スタートアップバイオベンチャー経営(栄一の独り言)【第11回】

今回からライフサイエンス産業におけるイノベーション推進を国家戦略として進めているシンガポールの事例を研究し、日本のバイオベンチャー育成支援施策の学びとしたいと思います。

1.    シンガポールのスマート国家構想
シンガポール政府は、2014年に「スマート・ネーション」構想を発表し、デジタル技術を活用して国民の生活の質を向上させることを目指しています。
シンガポール保健省(MOH)が掲げる「戦略的国家プロジェクト」として、以下の6つの分野が進められています1
  • 国民デジタル認証(National Digital Identity):国民のオンラインでの身分証明やサービス利用を容易にするシステムです。
    医療記録や処方箋などのデジタル化や共有を可能にし、医療サービスの効率化や品質向上に寄与します。また、医療関係者や患者がオンラインで安全にやりとりできるようにします。
  • 電子決済(E-Payments):キャッシュレス社会に向けた電子決済の普及・拡大を目指しています。
  • Smart Nation Sensor Platform:全国規模のセンサーネットワークを構築します。センサーやカメラなどを利用して、人口密度や気温などの環境情報を収集・分析し、感染症や災害などの予防・対策に役立てます。また、健康管理や運動促進などの個人向けサービスも提供します。

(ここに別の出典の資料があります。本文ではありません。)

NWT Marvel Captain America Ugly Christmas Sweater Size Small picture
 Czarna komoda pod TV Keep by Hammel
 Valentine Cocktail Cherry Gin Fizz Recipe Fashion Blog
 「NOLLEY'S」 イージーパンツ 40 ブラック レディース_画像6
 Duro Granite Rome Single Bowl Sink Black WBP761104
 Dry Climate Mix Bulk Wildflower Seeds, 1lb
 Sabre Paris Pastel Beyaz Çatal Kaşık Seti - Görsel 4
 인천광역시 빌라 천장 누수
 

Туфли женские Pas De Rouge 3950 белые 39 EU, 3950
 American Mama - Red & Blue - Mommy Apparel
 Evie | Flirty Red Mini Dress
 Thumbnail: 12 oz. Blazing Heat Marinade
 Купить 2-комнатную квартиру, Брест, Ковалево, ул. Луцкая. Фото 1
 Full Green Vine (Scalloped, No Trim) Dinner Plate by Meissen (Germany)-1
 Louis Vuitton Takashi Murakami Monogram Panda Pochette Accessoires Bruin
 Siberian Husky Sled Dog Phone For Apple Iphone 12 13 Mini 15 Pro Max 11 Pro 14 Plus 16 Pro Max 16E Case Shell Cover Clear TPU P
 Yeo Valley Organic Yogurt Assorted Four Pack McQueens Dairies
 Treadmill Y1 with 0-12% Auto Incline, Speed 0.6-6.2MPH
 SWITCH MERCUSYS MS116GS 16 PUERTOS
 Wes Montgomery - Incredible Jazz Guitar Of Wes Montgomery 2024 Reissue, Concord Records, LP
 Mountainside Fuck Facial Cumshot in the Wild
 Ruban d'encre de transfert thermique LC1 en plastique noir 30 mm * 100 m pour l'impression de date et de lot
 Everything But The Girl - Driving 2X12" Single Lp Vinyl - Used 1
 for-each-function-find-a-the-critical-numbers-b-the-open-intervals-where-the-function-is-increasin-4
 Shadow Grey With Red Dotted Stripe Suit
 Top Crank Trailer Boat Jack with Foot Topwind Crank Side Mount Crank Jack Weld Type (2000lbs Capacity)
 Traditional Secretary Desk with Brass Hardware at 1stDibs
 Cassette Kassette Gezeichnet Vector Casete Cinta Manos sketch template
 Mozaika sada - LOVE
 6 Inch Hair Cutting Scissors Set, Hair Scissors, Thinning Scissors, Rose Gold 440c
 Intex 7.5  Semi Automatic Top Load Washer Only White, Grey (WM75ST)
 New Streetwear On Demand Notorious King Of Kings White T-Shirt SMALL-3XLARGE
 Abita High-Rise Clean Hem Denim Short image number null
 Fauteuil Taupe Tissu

  • Smart Urban Mobility:都市における移動手段(公共交通機関)のスマート化です。
  • Moment of Life:ライフステージに応じた公共サービスを組織横断的に提供します。出産や高齢化などのライフイベントに応じて、必要な公共サービスを一元的に提供するアプリです。例えば、妊娠中や出産後の母子健康管理や予防接種などの情報やサービスを提供します。
  • Common Data Platform:デジタルガバメントの共通基盤を構築します。